On Jan 27, 2009, at 7:13 AM, Chris Doss wrote:
>
> How about: 8 years ago the quasi-government in Afghanistan was
> providing support to people who carried out attacks on NYC and
> Washington DC,
They provided hospitality, not support, for people financed by Saudi Arabia among others (whether or not still including the CIA), who were glad to take "credit" for the attacks that the "quasi-government" in Kabul, unlike the "quasi-government" in DC, had no power to permit or prevent.
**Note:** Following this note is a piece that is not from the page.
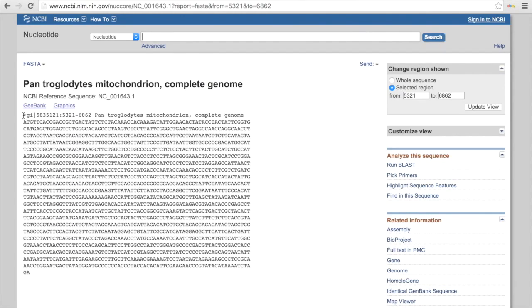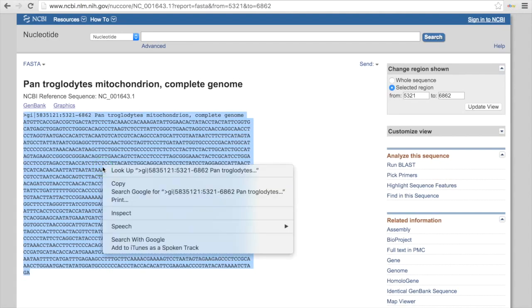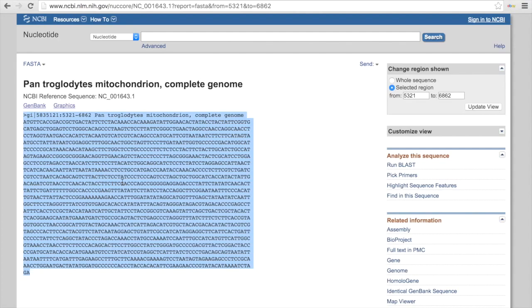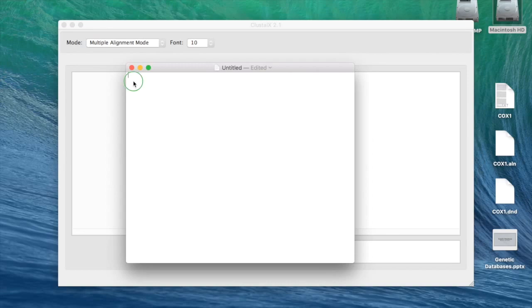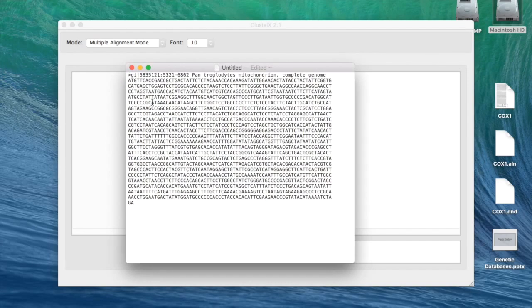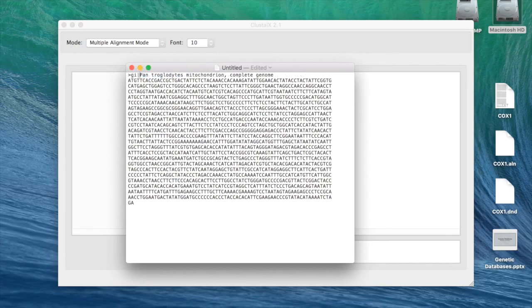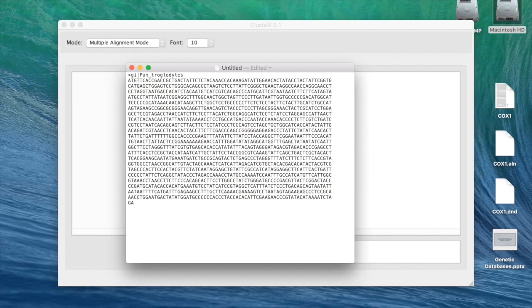We need to copy all of this, so I'm going to just highlight all the information there, including the header at the top. I'm just going to press copy. Now, take that and we're going to paste that into our text file. Just to tidy things up a little bit, I'm going to delete the number here. I'm going to put an underscore between Pan and troglodytes, and then delete this information. It'll just make the display of our information in the ClustalX program a little bit neater.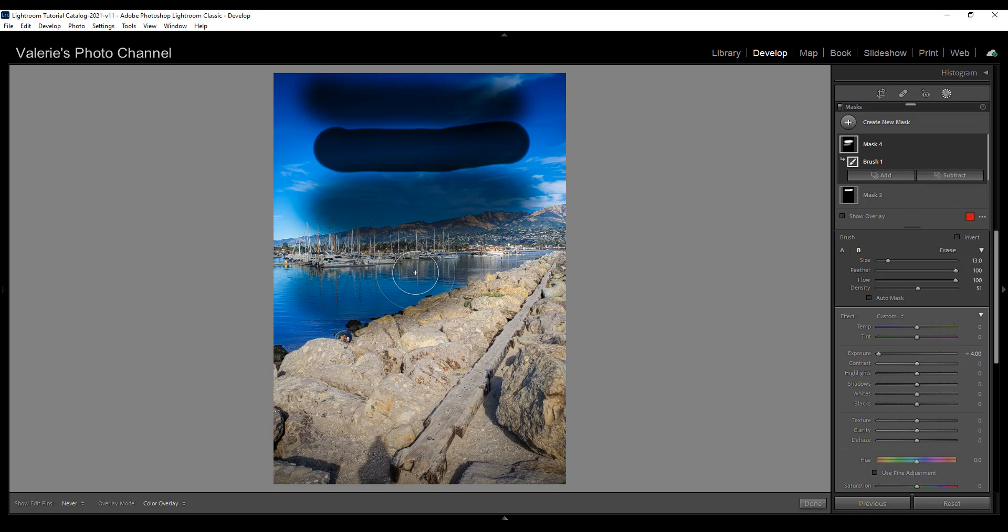So that is the difference. I hope that helps you understand the difference between feather, flow, and density. If it did I'd appreciate a thumbs up. Thanks for watching.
> and if they get back into power again they might do something
> similar again, so we should try to keep them from coming back into
> power?
Of course, they *are* in power in most of the country outside the Kabul city limits, especially at night. Obama's "surge" cannot defeat them; the Western military in Afghanistan has absolutely no illusions on that score and neither does Obama. His strategy has *strategic* goals--bringing enough of the Talibans into a stable government contributing to "stabilization" of a Pakistan surrounded by the Pathans and Indians and dependent on the US. The additional troops are what the West brings to the table for negotiations leading to that deal. Read the Stratfor commentaries on this., Another precondition is the deal with Iran now in the first stages of preparation. The crucial weakness of this strategy, which neither Stratfor nor anyone else is prepared to contemplate, is that the only viable aspect of the Afghan economy is the morphine industry and as long as that industry is kept in its present state of "illegality" it will corrupt any government, including one with Taliban members. Until Obama overcomes his deep political cowardice and declares an end to the enormously profitable (to police and other criminals) "War on Drugs" through a policy based on medicalization and regulation his Afghan endeavors will remain a quagmire.
>
> --- On Tue, 1/27/09, shag carpet bomb <shag at cleandraws.com> wrote:
> there's no reason to think that obama just isn't the kind of guy who
> would, as a matter of course, simply hew to those ideas: that we
> must look weak, that we must exact revenge, that we must keep $
> pumping the mil-industrial complex.
He's too intelligent for that. He's in a strategic pickle, the war is being lost, he has to do something. He realized that very early on but could only justify it in the Oblabla campaign by turning the "War on Terror" nonsense against its authors.
Shane Mage
> This cosmos did none of gods or men make, but it
> always was and is and shall be: an everlasting fire,
> kindling in measures and going out in measures."